## What you have to do
Look below for the line with "Water Drop Zircon" and the line with "NR. 14 NUMMER". Copy exactly those two lines and every line between, but not the pictures.

## Extracted entries
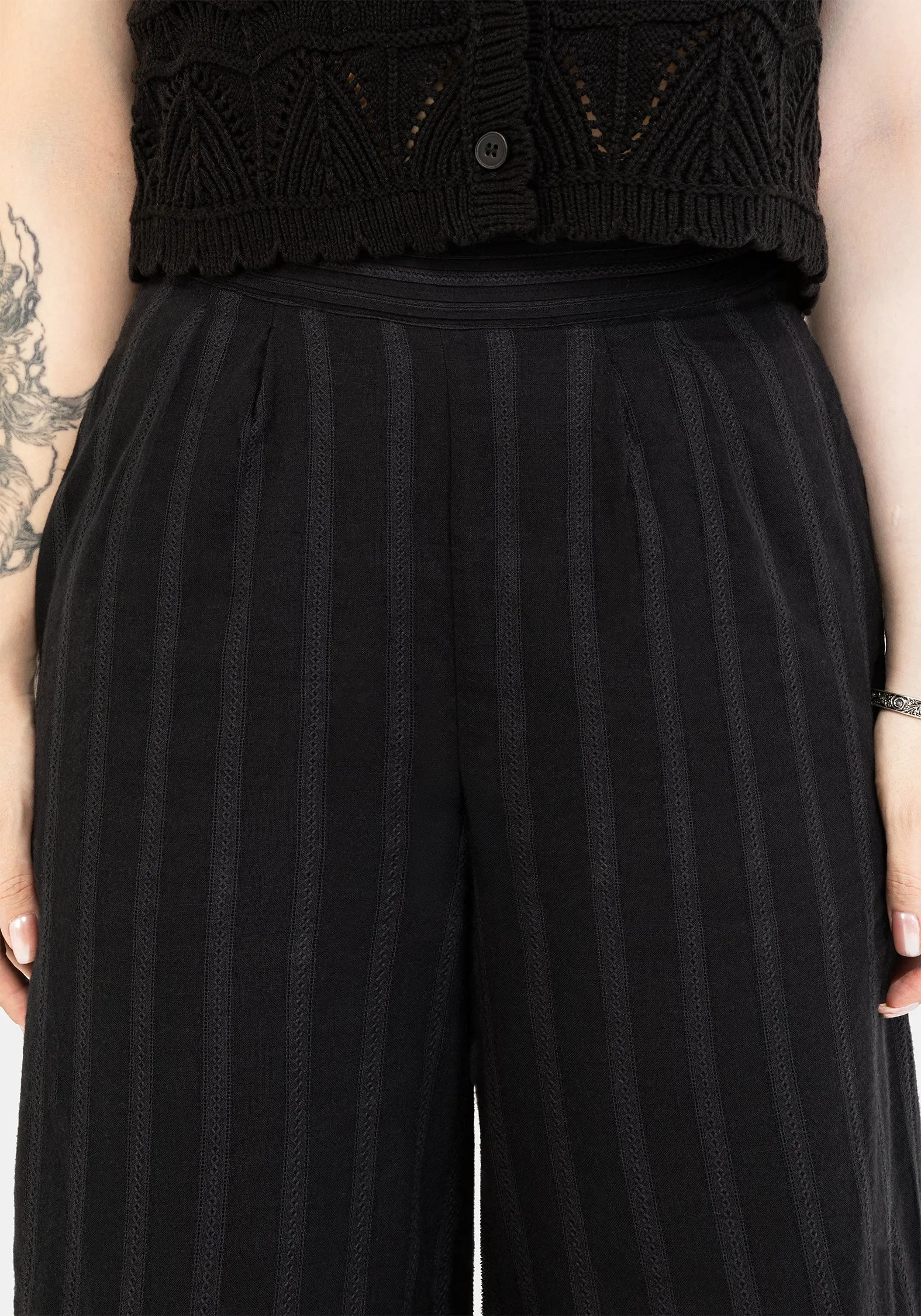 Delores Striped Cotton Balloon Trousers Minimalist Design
* * *
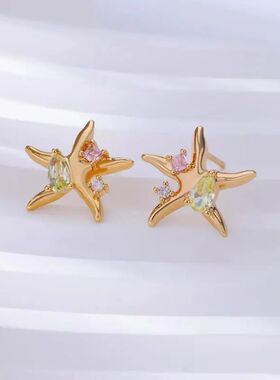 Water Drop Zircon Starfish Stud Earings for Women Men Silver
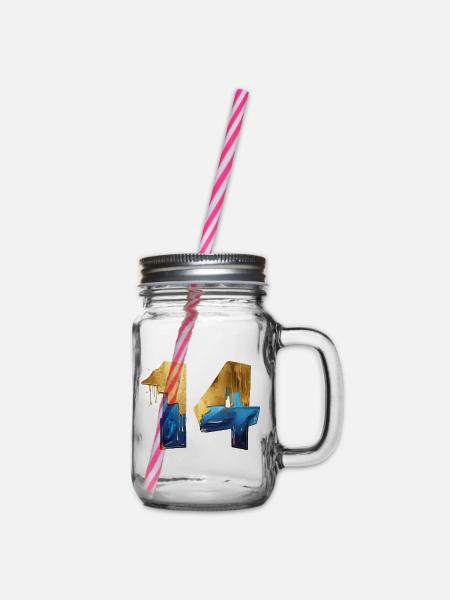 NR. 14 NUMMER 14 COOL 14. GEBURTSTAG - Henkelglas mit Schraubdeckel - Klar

## Result of this task
 Water Drop Zircon Starfish Stud Earings for Women Men Silver
 NR. 14 NUMMER 14 COOL 14. GEBURTSTAG - Henkelglas mit Schraubdeckel - Klar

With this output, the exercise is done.